I Once Knew a Man, or Everybody's Got Their Kafka Story
by Michael Jauchen
I once knew a man who knew a man who had been devoured by his piano."Wait, kind piano, wait, wait," he cried. But too late. He sat crumpled in the guts of wire and wood.
The man was also crumpled in the guts of a terrible divorce. He had done hurtful things and his dental hygienist wife wanted out. While he skulked inside the piano, his wife was in Boca Raton with her boss, sipping mimosas on a white sand beach and making love in the hotel bathtub.
The man wrote on the walls of the piano with a pencil he kept in his pocket. He tired to list viable reasons for ingestion by instrument. A dream? he wrote. Some trap? Bested by a leeching dental hygienist? Am I a piano—Jonah maybe, caught in the midst of some grand, heinous miracle? And to what end? Piano vomit? Piano shit? Shall I sing out repentant from this hulking wooden belly?

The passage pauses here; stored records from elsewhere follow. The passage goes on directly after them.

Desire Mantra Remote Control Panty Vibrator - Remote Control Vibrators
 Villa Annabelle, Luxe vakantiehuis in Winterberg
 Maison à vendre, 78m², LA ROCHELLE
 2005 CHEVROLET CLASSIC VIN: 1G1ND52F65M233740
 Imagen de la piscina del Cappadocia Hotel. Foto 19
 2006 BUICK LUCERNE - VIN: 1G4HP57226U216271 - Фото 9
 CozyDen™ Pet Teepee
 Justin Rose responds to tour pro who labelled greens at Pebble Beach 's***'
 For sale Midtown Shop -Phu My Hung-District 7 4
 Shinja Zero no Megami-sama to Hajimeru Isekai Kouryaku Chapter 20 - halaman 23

His wife returned from vacation with her new lover in tow. She cursed her ex-husband for moving out without taking his things.
"Bastard asshole," the man heard her say, "Didn't I tell him, 'I get the house and you get the filthy, dim-witted crap?' I'm calling my lawyer."
"I'm in here," the man screamed, "I was eaten by the piano."
But they didn't hear him.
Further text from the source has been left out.